DESCRIPTION OF THE TASK → Find "Textured digital art with a gradient effect" in the entries below; copy that line through the last, exactly, with no pictures.
**** RECORDS FOR THE TASK ****
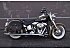 2007 Harley-Davidson Softail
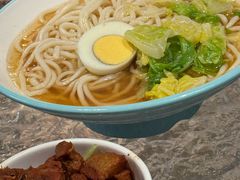 -故宫冰窖餐厅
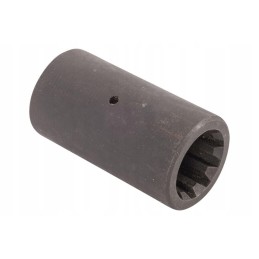 5146936n milled sleeve, front drive shaft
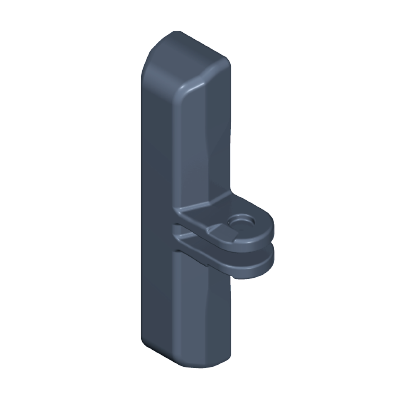 30083082_sparepart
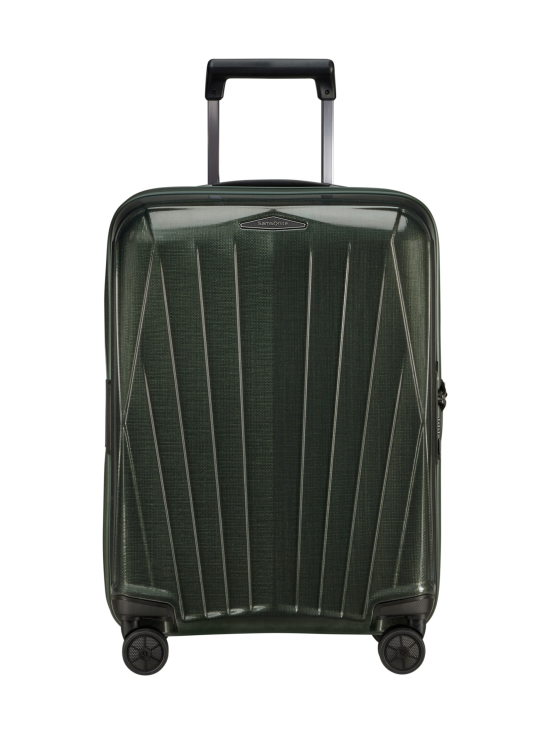 Samsonite - MAJOR-LITE SPINNER 55/20 EXP - CLIMBING IVY - photo 2 Samsonite - MAJOR-LITE SPINNER 55/20 EXP - CLIMBING IVY | Stockmann - photo 2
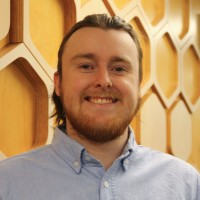 Matthew Lamb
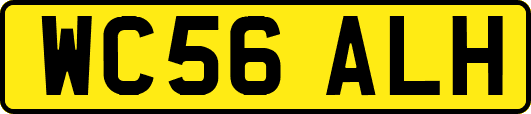 WC56ALH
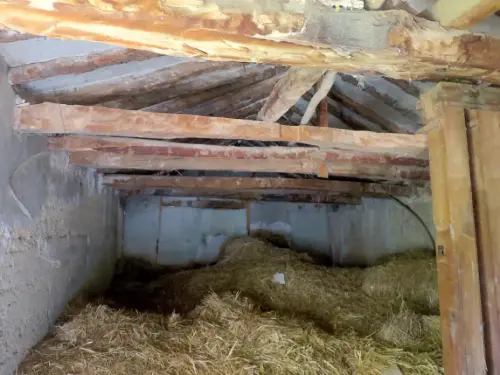 Elem.const .011-Techumbre-cerchas5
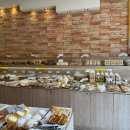 샤또마들렌과자점 이미지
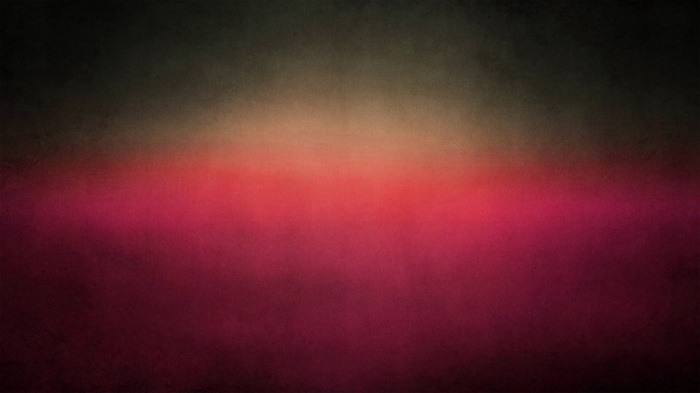 Textured digital art with a gradient effect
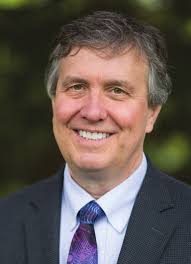 INDUSTRIAL AFFILIATES SYMPOSIUM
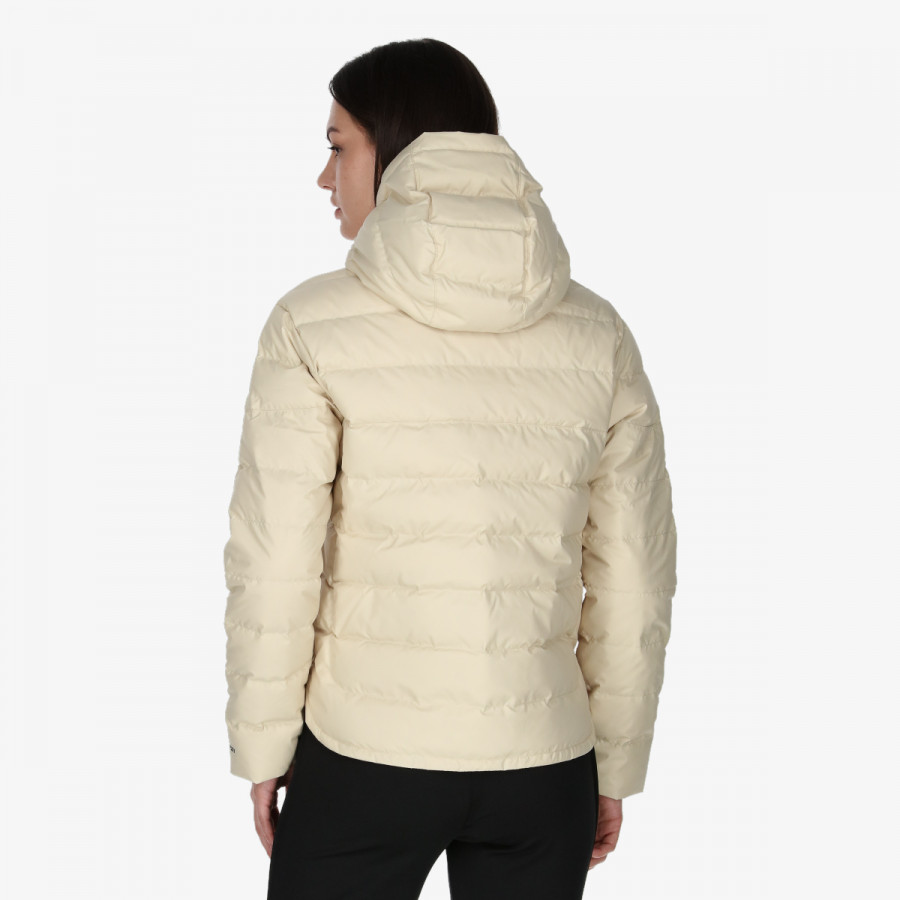 NIKE JAKNA Sportswear Therma-FIT Windrunner 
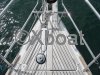 Technical sheet OCEANIS 45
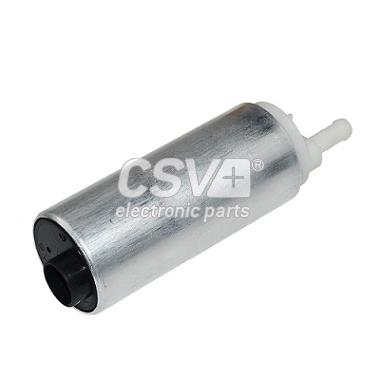 CBC7064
****
YOUR SOLUTION →
 Textured digital art with a gradient effect
 INDUSTRIAL AFFILIATES SYMPOSIUM
 NIKE JAKNA Sportswear Therma-FIT Windrunner 
 Technical sheet OCEANIS 45
 CBC7064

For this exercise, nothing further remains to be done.